CMOSイメージセンサは車載やマシンビジョン分野のセンシング用途において、機械の「目」としての役割を持ち、さらなる高性能化への要求は高まり続けています。
東北大学大学院工学研究科電子工学専攻の瀧澤康平大学院生と未来科学技術共同研究センター・大学院工学研究科の黒田理人教授らの研究チームは、露光期間中にフォトダイオード(PD)から溢れた光電荷を蓄積する横型オーバーフロー蓄積容量(LOFIC)(※1)を、画素毎に2段設けてダイナミックレンジ(※2)を拡大するとともに、光量に応じて適切な信号を読み出す光量適応信号選択機能を実現しました。さらにイメージセンサチップに3次元積層技術を適用し、前例のない単位面積当たりの飽和電子数(276.8 ke-/μm2)を達成しました。飽和電子数は広ダイナミックレンジ化や高い信号対雑音比(SNR)に結びつく指標であり、これらの技術を用いてダイナミックレンジ120dBのCMOSイメージセンサを開発しました。
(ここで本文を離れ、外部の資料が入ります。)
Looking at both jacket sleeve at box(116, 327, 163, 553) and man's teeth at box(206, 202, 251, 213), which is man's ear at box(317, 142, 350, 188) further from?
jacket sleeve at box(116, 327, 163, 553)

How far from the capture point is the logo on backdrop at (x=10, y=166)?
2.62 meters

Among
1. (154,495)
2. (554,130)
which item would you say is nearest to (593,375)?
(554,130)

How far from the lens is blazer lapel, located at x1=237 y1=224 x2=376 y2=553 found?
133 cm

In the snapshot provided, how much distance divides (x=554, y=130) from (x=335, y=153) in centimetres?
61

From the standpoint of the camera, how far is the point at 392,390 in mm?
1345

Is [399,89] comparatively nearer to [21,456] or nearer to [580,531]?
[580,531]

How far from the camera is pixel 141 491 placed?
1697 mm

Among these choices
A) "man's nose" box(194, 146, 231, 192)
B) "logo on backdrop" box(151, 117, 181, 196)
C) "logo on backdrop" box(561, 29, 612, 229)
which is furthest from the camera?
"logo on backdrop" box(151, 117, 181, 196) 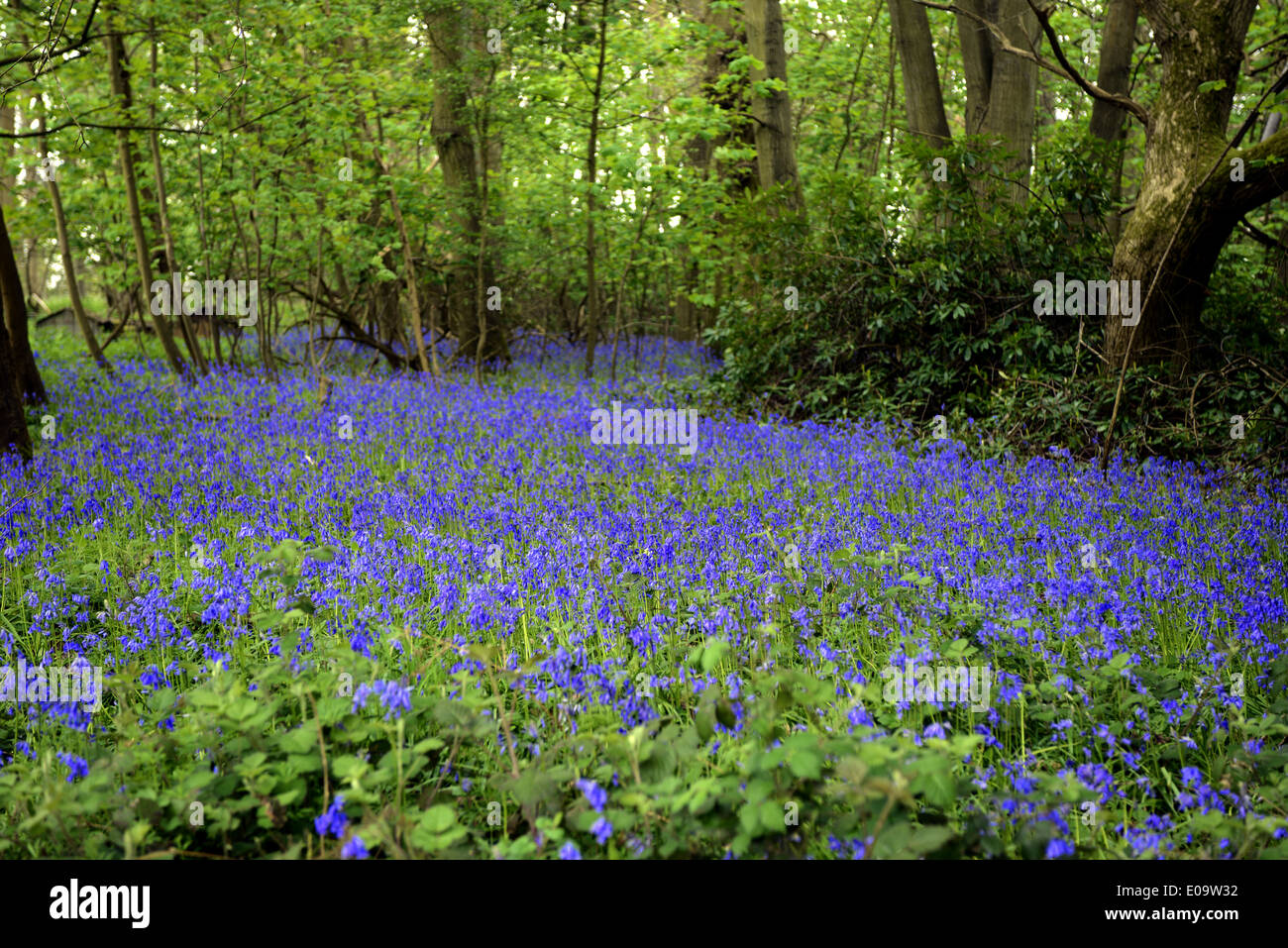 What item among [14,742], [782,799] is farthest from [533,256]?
[782,799]

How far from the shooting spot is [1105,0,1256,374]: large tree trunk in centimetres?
668

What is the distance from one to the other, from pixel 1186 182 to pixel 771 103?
5917 mm

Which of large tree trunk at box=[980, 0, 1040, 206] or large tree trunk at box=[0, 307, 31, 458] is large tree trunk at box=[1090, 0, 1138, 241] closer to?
large tree trunk at box=[980, 0, 1040, 206]

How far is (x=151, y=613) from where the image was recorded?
3.45 metres

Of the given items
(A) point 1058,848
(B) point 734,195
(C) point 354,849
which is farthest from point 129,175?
(A) point 1058,848

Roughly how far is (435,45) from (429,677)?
1046 centimetres

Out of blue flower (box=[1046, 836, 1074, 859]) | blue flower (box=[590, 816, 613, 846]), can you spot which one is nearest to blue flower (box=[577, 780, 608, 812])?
blue flower (box=[590, 816, 613, 846])

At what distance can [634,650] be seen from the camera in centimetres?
346

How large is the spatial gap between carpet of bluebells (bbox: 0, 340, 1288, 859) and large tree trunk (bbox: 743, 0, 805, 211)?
5904mm
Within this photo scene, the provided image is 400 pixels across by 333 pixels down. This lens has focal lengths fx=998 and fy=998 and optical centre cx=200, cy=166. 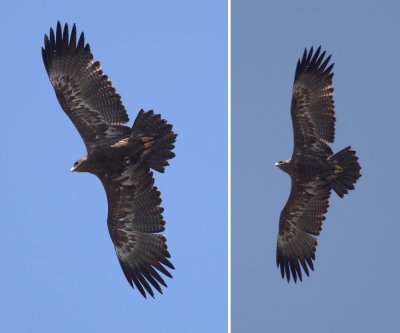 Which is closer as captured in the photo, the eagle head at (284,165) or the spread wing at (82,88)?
the spread wing at (82,88)

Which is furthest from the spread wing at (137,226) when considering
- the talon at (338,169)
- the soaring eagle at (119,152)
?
the talon at (338,169)

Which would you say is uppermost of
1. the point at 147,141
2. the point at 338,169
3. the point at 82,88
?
the point at 82,88

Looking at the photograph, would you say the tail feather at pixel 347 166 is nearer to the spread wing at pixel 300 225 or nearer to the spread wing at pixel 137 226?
the spread wing at pixel 300 225

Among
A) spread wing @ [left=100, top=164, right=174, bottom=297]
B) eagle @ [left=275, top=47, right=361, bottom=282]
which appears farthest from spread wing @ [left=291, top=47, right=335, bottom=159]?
spread wing @ [left=100, top=164, right=174, bottom=297]

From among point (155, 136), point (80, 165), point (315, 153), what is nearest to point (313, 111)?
point (315, 153)

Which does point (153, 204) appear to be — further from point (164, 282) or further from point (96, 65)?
point (96, 65)

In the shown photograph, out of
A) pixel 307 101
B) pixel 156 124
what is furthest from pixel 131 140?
pixel 307 101

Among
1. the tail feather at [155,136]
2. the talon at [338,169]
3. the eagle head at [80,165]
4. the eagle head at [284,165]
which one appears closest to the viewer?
the tail feather at [155,136]

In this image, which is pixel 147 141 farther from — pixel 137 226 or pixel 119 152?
pixel 137 226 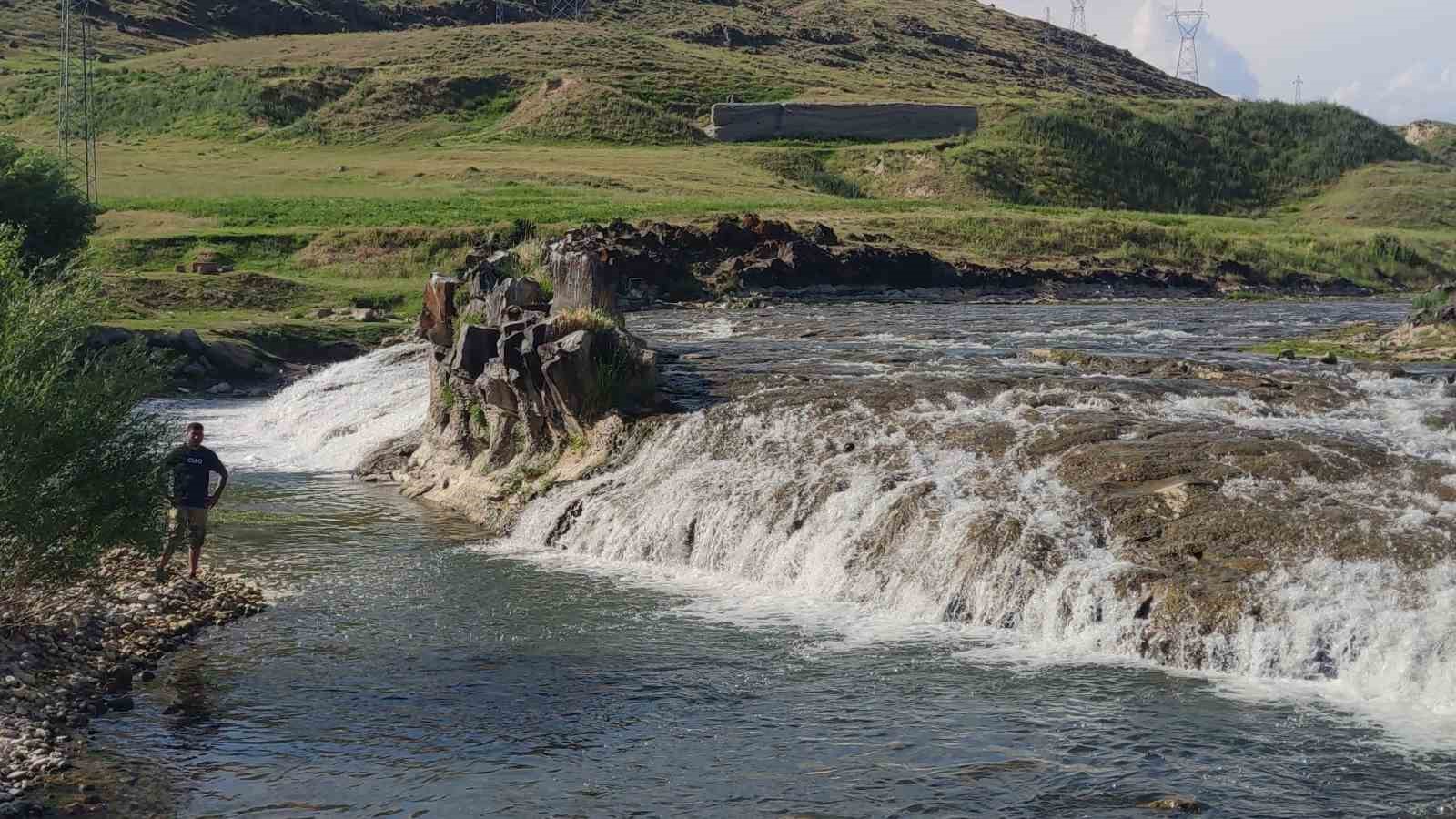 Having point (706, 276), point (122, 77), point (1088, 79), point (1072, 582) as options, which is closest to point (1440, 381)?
point (1072, 582)

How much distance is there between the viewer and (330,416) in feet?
125

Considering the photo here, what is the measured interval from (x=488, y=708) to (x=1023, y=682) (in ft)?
18.3

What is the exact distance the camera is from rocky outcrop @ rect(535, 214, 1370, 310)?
2136 inches

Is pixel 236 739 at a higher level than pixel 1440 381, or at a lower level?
lower

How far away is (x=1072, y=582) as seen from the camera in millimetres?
18484

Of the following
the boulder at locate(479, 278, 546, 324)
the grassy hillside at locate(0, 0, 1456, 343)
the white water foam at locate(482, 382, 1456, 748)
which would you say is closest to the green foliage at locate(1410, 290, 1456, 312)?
the white water foam at locate(482, 382, 1456, 748)

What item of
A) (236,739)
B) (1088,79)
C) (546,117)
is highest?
(1088,79)

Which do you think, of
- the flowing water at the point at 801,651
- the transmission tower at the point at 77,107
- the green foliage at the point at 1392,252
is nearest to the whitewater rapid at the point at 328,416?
the flowing water at the point at 801,651

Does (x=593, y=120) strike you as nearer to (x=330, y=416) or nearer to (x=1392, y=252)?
(x=1392, y=252)

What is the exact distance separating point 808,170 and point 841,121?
12.1 m

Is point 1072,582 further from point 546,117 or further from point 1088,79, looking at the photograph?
point 1088,79

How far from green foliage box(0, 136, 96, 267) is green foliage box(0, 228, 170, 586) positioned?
3109 cm

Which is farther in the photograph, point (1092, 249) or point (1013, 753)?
point (1092, 249)

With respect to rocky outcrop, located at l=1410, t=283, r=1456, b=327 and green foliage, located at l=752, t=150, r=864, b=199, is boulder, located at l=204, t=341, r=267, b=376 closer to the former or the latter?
rocky outcrop, located at l=1410, t=283, r=1456, b=327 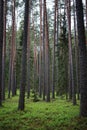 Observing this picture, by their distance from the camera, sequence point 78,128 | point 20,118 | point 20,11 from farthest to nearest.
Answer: point 20,11
point 20,118
point 78,128

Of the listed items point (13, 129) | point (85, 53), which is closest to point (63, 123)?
point (13, 129)

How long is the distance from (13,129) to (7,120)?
1.42m

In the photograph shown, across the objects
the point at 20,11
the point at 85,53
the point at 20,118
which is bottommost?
the point at 20,118

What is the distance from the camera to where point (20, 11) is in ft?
93.6

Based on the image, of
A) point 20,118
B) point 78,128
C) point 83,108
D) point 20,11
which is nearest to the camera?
point 78,128

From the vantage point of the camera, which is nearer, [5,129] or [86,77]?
[5,129]

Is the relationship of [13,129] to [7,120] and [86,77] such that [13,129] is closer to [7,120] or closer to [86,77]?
[7,120]

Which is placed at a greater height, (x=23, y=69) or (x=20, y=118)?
(x=23, y=69)

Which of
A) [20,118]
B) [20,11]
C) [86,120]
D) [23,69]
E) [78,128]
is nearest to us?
[78,128]

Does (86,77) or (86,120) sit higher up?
(86,77)

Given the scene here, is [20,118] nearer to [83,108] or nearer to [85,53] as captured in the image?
[83,108]

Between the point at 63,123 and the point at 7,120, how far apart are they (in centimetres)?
258

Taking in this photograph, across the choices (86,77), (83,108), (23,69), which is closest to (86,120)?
(83,108)

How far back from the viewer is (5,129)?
8078mm
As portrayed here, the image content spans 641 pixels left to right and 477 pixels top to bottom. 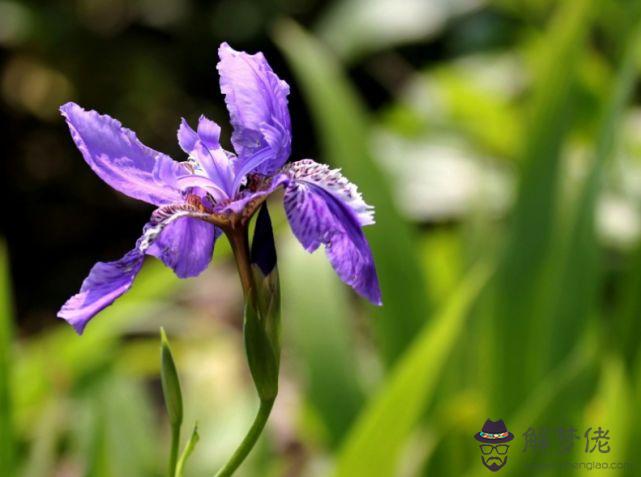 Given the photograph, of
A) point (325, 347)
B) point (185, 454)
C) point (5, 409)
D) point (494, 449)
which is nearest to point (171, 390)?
point (185, 454)

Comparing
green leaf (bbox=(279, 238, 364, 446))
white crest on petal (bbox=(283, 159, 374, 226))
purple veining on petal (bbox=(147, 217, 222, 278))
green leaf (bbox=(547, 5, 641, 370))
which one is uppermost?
green leaf (bbox=(547, 5, 641, 370))

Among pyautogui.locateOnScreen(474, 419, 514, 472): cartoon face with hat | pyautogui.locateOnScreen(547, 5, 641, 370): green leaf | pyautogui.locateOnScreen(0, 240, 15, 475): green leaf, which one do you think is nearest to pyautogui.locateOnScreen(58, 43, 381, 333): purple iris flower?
pyautogui.locateOnScreen(0, 240, 15, 475): green leaf

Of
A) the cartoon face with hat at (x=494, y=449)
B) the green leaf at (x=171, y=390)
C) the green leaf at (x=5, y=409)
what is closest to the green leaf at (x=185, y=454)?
the green leaf at (x=171, y=390)

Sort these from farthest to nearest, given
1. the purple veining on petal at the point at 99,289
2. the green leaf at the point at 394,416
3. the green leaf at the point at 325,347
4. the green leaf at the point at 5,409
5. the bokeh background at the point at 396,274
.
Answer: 1. the green leaf at the point at 325,347
2. the bokeh background at the point at 396,274
3. the green leaf at the point at 394,416
4. the green leaf at the point at 5,409
5. the purple veining on petal at the point at 99,289

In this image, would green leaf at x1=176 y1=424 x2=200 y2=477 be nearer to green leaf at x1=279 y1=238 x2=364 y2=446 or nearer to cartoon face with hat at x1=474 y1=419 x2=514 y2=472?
cartoon face with hat at x1=474 y1=419 x2=514 y2=472

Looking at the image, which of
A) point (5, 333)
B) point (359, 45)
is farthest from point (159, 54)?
point (5, 333)

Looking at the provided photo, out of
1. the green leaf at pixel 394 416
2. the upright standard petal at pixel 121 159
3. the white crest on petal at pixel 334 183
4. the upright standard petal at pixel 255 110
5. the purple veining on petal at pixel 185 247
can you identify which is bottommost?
the purple veining on petal at pixel 185 247

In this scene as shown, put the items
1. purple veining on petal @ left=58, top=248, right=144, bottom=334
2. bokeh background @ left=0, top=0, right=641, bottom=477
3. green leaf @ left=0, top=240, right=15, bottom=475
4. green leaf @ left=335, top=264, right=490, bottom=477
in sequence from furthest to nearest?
bokeh background @ left=0, top=0, right=641, bottom=477, green leaf @ left=335, top=264, right=490, bottom=477, green leaf @ left=0, top=240, right=15, bottom=475, purple veining on petal @ left=58, top=248, right=144, bottom=334

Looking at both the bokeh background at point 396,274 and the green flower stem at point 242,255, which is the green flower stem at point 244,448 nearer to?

本成果はCMOSイメージセンサの高性能化および、小型化や低消費電力化へ寄与することが期待されます。
開発技術の詳細は米国サンフランシスコで開催された国際会議 International Electron Devices Meeting(IEDM2025) において、2025年12月10日に発表されました。
(※1) LOFIC:横型オーバーフロー蓄積容量のこと。高照度時などイメージセンサに入射する光量が大きい場合には、光電変換で発生する電荷数が多くなりPDに蓄積し切れずにオーバーフローして捨てらる。このオーバーフロー電荷を大きな画素内容量に蓄積して信号電荷として使用することで、より広いダイナミックレンジが実現できる。
(※2)ダイナミックレンジ:イメージセンサで検出できる最も明るい光と最も暗い光の範囲を指す。明暗差が大きい被写体を撮影する際は、ダイナミックレンジが広いほど白飛びや黒つぶれを防ぐことができる。